Blog Post

Health care videos give more tools to stressed caregivers!

Sue Ellis • Mar 19, 2018

The stress of care giving is not diminishing. It would appear there are more supports, services and more trained personnel available, but those very same supports, services and personnel are also stressed beyond belief. These are not good times to be a caregiver or to be in need of care. Societal attitudes towards disease, disability, dependence, aging and dying are changing. Indeed, I think our society's attitude is going back to a former time. Caring is lessening, blaming is increasing. As the value of the life of a dependent person decreases, so does the worth of those who care for them.

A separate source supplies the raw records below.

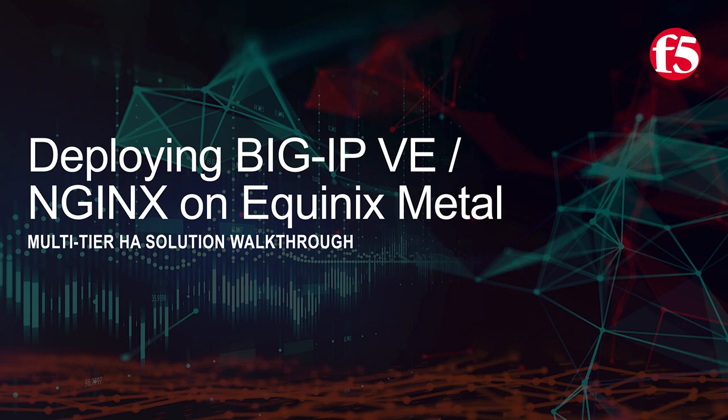The following video demonstration walks through deploying a highly available and scalable multi-tier application delivery infrastructure on top of Equinix Metal using F5's Big IP and NGINX platforms.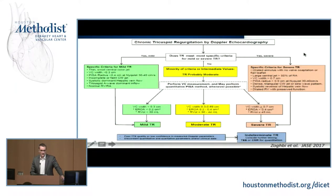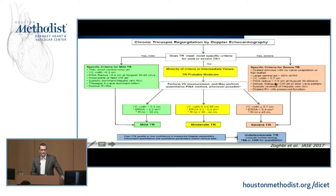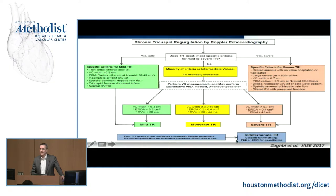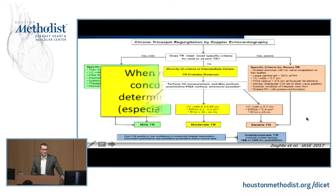Nonetheless, straight from the guidelines: if there's a bunch of mild features such as a thin vena contracta and a small central color jet with A-dominant flows, that's probably mild. On the other hand, if features collect suggesting severe — both color and CW features — it's severe. In the middle when it's indeterminate or moderate, that's when quantitation adds value, though the quantitation is tough. When you're worried about quantitation and considering an intervention, that's where CMR comes in. When multiple parameters are concordant, TR grade can be determined with fairly high probability.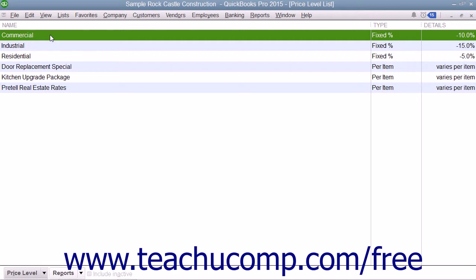You can also associate price levels with specific line items in a sales form if desired. Using this method, you are only discounting specific items in a sales form, not all items for a specific customer or type of customer. Price levels make it easy to use different line item rates within sales forms without having to calculate percentage amounts manually.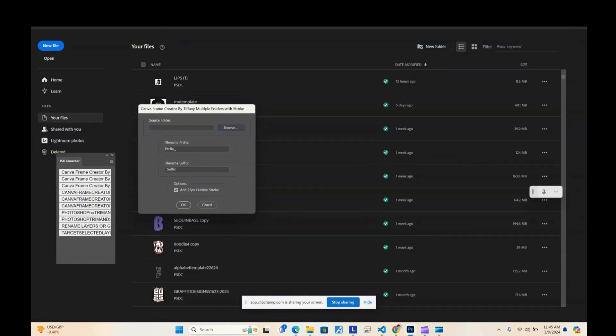Hi, this is Tiffany with Hostal Heart Design Co. I just want to do a quick video about my new Photoshop script for batch processing and creating camera frames. In order to use this script you will need Photoshop, you will need PNG files — it only works with transparent PNGs — and you will need Canva.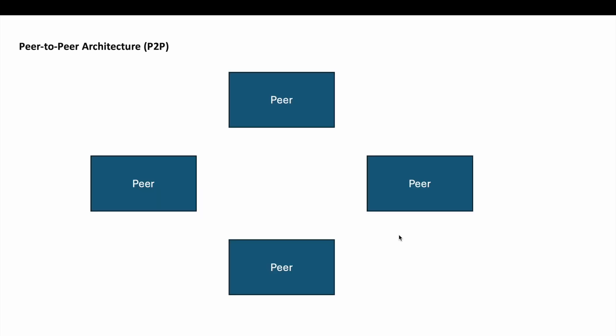Some of the components of P2P architecture include peers which are nodes in the network that both use and provide resources. Each peer is an autonomous entity that directly interacts with other peers. We have shared resources, data or services that are available to other peers in the network such as files, content streams, or computational resources.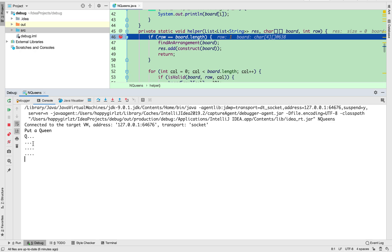For the second row, we try to put a queen and check column by column. We first try the first column, but it cannot work because that makes two queens on the same column. We check the next column — it cannot work either because that makes two queens on the same anti-diagonal. So we check the third column, and yes, we can put the queen there. This is valid.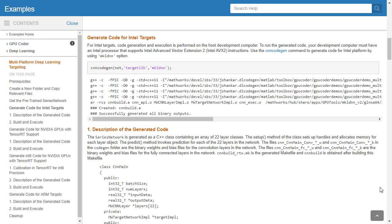You can refer to the resources below the video to learn more about code generation for deep learning applications for different target architectures.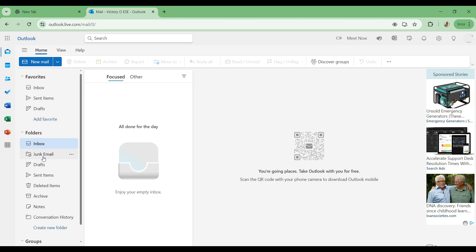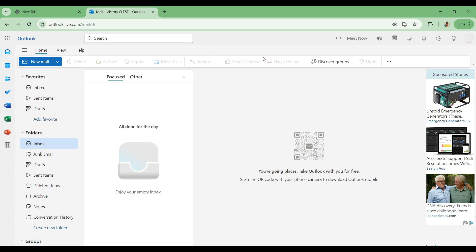Just above that you have the new email, delete, archive, report, move to, reply all, read and unread, flag and unflag, and undo, and you are good to go.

Before I continue with this post, I want to alert you to the 4 educational videos that my partner Sue and I created during her years of disability. The final one is about the end of the journey, her dying, and discussion about what happens to caregivers when their responsibilities for another person ends. These videos are free to watch on this website.

Over the years these videos have been used as tools in nursing and attendant/assistant care programs and for Social Workers and Occupational Therapists. They have been used as educational material in community agencies, university and community college libraries and long term care facilities.

May I draw your attention also to "When Someone Dies" available digitally and created as a ritual for closure for professional caregivers who have little time to grieve the loss of a client before moving on to the next one.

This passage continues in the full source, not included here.